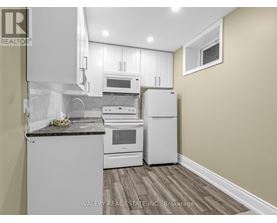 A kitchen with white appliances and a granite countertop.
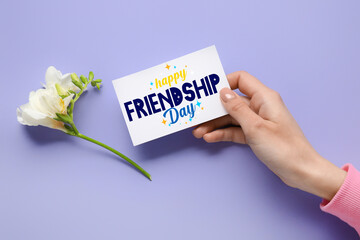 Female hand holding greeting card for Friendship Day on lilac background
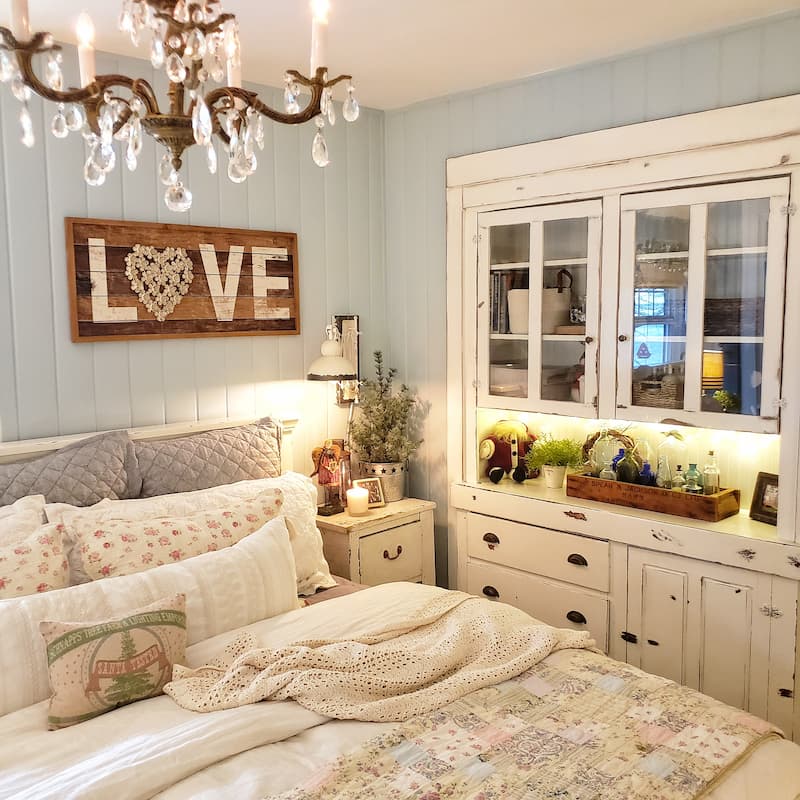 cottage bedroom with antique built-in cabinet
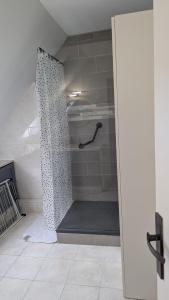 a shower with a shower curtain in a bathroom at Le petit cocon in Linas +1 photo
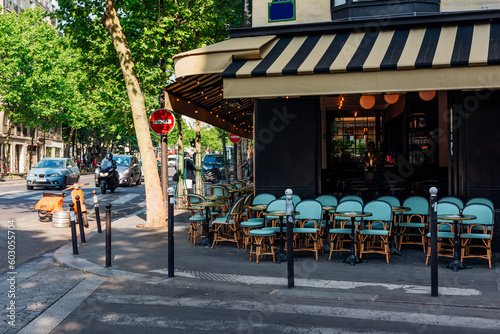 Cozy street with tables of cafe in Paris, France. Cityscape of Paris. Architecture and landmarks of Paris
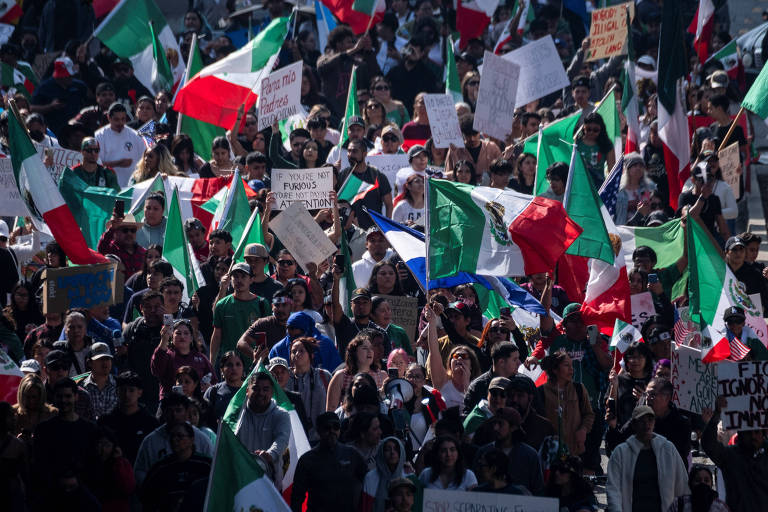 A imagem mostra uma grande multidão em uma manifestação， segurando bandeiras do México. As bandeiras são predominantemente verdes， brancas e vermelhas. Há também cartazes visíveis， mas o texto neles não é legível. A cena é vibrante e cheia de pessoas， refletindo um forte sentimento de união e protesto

Task instructions ▸ Exactly as written, reproduce all of the entries while dropping the pictures.

Reply ▸
 A kitchen with white appliances and a granite countertop.
 Female hand holding greeting card for Friendship Day on lilac background
 cottage bedroom with antique built-in cabinet
 a shower with a shower curtain in a bathroom at Le petit cocon in Linas +1 photo
 Cozy street with tables of cafe in Paris, France. Cityscape of Paris. Architecture and landmarks of Paris
 A imagem mostra uma grande multidão em uma manifestação， segurando bandeiras do México. As bandeiras são predominantemente verdes， brancas e vermelhas. Há também cartazes visíveis， mas o texto neles não é legível. A cena é vibrante e cheia de pessoas， refletindo um forte sentimento de união e protesto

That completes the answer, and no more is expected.